INFORMATION SHOWN
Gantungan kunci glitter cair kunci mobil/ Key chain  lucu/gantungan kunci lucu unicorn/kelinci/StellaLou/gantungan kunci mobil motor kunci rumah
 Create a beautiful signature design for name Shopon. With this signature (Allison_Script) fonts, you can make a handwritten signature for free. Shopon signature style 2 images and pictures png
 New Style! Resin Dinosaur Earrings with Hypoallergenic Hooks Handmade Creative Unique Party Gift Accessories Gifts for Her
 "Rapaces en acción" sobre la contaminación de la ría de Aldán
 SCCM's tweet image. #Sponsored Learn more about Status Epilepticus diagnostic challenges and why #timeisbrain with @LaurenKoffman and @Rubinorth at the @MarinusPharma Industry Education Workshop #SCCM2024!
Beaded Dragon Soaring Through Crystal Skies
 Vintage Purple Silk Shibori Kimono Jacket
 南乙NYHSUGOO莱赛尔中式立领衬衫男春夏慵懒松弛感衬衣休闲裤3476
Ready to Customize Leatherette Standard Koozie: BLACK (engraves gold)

EXERCISE DESCRIPTION
What is needed is an exact copy of the lines from the one containing "SCCM's tweet image." through the final line of the data, both included, and nothing more.

EXERCISE RESPONSE
 SCCM's tweet image. #Sponsored Learn more about Status Epilepticus diagnostic challenges and why #timeisbrain with @LaurenKoffman and @Rubinorth at the @MarinusPharma Industry Education Workshop #SCCM2024!
Beaded Dragon Soaring Through Crystal Skies
 Vintage Purple Silk Shibori Kimono Jacket
 南乙NYHSUGOO莱赛尔中式立领衬衫男春夏慵懒松弛感衬衣休闲裤3476
Ready to Customize Leatherette Standard Koozie: BLACK (engraves gold)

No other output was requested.